3.1.7 I find guidance on this issue in the view taken by Hon’ble Apex Court in the case of V. Venugopala Varma Rajah vs Commissioner Of Income-Tax 1970 AIR 2051, 1970 SCR (2) 547, dated 24.09.1969 wherein the Hon’ble Supreme Court has observed that It is not necessary for the purpose of this case to enter upon a detailed analysis of the principle underlying the decisions and to resolve the conflict. On the finding in the present case, it is clear that the trees were not removed with roots. The stumps of the trees were allowed to remain in the land so that the trees may regenerate. If a person sells merely leaves or fruit of the trees or even branches of the trees it would be difficult (subject to the special exemption under s. 4(3)(viii) of the Income-tax Act, 1922) to hold that the realization is not of the nature of income. Where the trunks are cut so that the stumps remain intact and capable of regeneration, receipts from sale of the trunks would be in the nature of income. It is true that the tree is a part of the land. But by selling a pan of the trunk, the assessee does not necessarily realise a part of his capital. We need not consider whether in case there is a sale of the trees with the roots so that there is no possibility of regeneration, it may be said that the realisation is in the nature of capital. That question does not arise in the present case.

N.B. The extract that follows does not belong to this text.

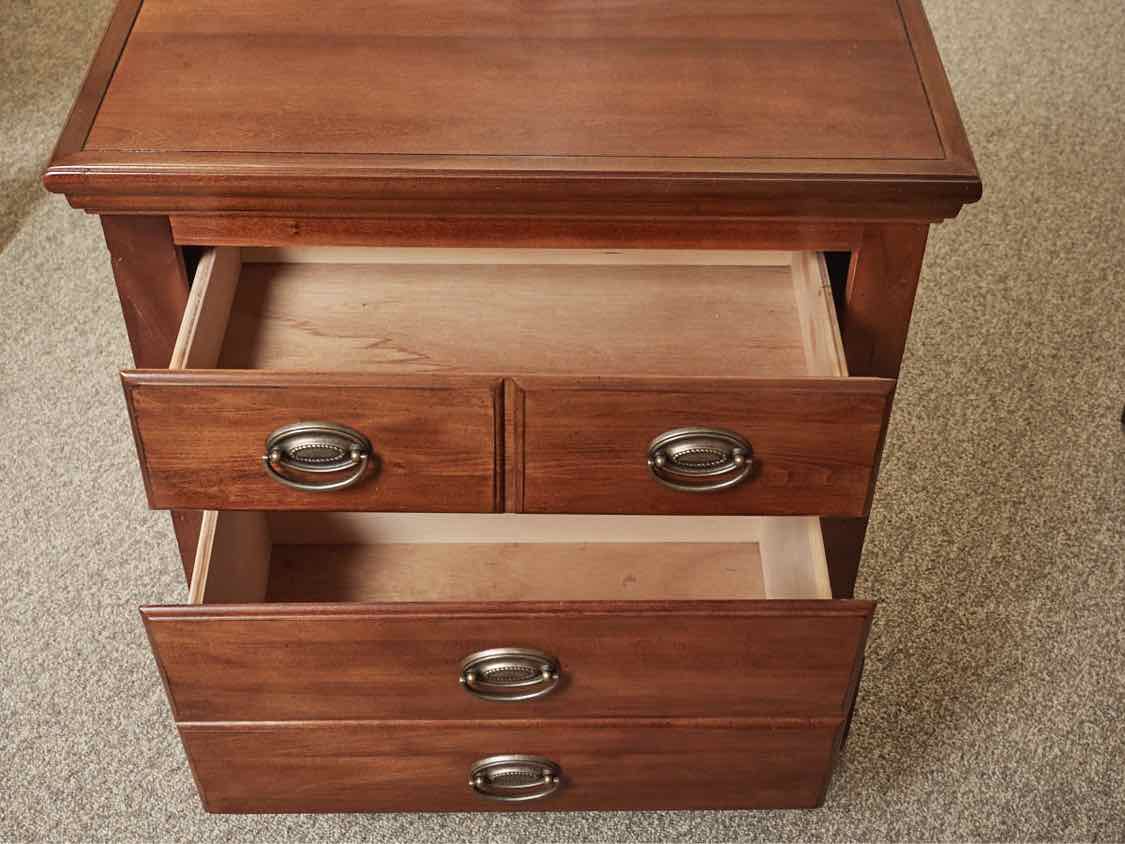 Pair of Cherry Finish Two Drawer Nightstands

3.1.8 I find that in the instant case, the trees cut were Agarwood Trees which are capable of regeneration. The objectives of the Draft Policy for Sustainable Utilisation of Agar Wood, 2014, No.-S-112013-SU issued by Ministry of Environment and Forests dated 16.01 2014 are as follow:-

Xxxxxx

3.1.9 As per the above reproduced draft policy issued by Ministry of Environment and Forests, Agarwood trees are capable of regeneration, and Hon’ble Supreme Court in the case of V Venugopala Varma Rajah vs Commissioner Of Income-Tax 1970 (Supra), after analysing every nook and corner details on this issue, has held that if the trees are capable of regeneration, then, income from cutting of the same is to be brought to tax and it is certainly not capital in nature.

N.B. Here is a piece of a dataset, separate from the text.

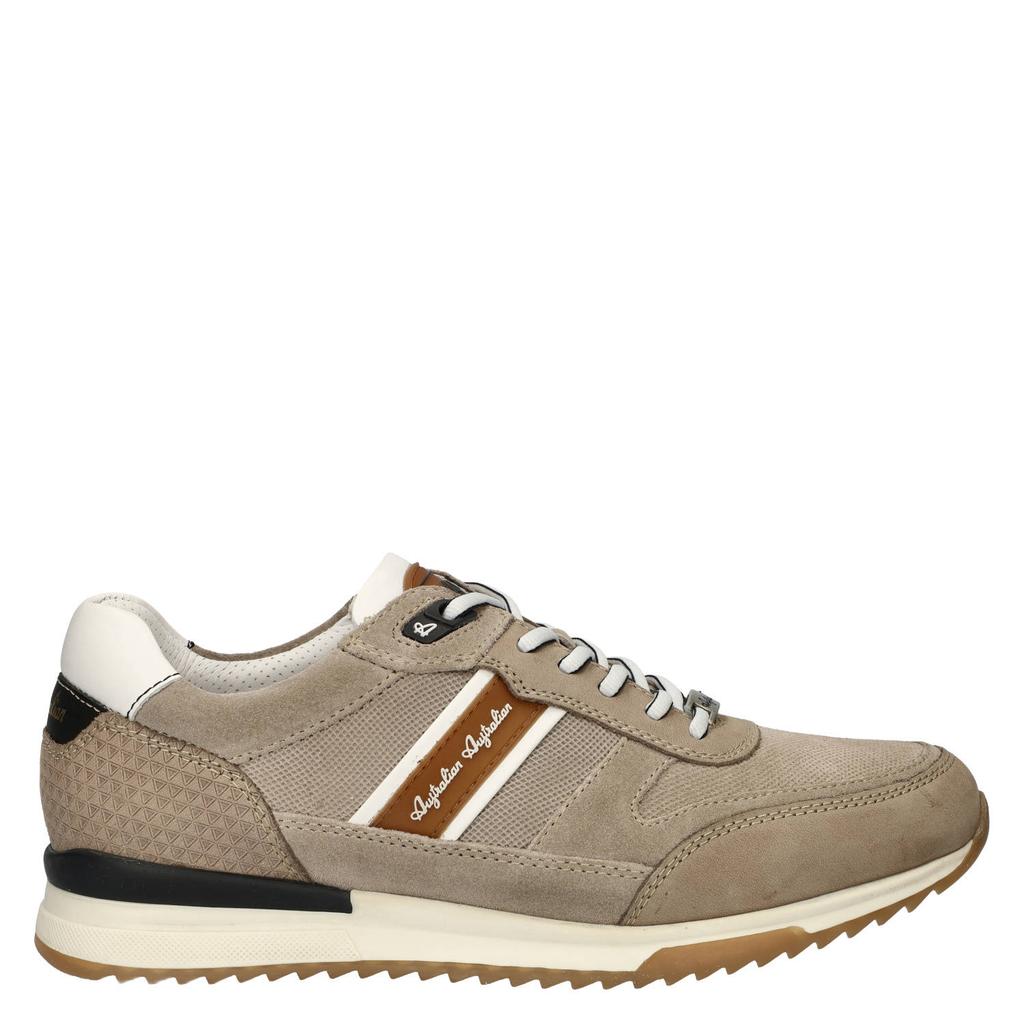 Taupe heren Australian Filmon suède sneakers met veters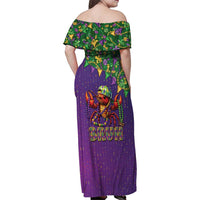 Funny Crawfish Carnival Family Matching Off Shoulder Maxi Dress and Hawaiian Shirt It's Mardi Gras Bruh - Wonder Print Shop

3.1.10 In view of the above, I do not find any reason to interfere with the decision of the AO on addition of Rs.10,14,0007- as income from other sources. This ground of appeal is therefore dismissed.

Aggrieved, the assessee is in further appeal before us.

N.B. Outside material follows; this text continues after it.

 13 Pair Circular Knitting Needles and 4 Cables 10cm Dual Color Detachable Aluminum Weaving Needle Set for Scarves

5. Upon due consideration of factual matrix, we find that certain trees lying on assessee’s land were cut since the same were obstructing the hire tension wires of the Electricity Company. For the same, the assessee was compensated for Rs.10.14 Lacs during the year. We observe that the assessee was engaged in the business of manufacturing and trading of essential oil, plantations & extraction of essential oils. Therefore, the trees so cut by the assessee would form part of its trading operations since the assessee would be earning revenue by utilizing these trees. Had the trees not been cut, the assessee would have earned more revenue from the trees. Therefore, any compensation received in lieu of loss thereof would form part of assessee’s trading operations. The same is evident from the fact that cut trees sold by the assessee constituted its trading income and the same were accepted to be agricultural income. In our considered opinion, similar treatment was to be given to the compensation received for loss of trees. It would akin to a situation where the assessee lost its trading stock and received compensation for loss of the stock. The same would certainly be trading income for the assessee. Since, the income was earned from trees; the same would constitute agricultural income in the hands of the assessee. We order so.

6. The appeal stand allowed in terms of our above order.

Order pronounced on 21st December, 2020.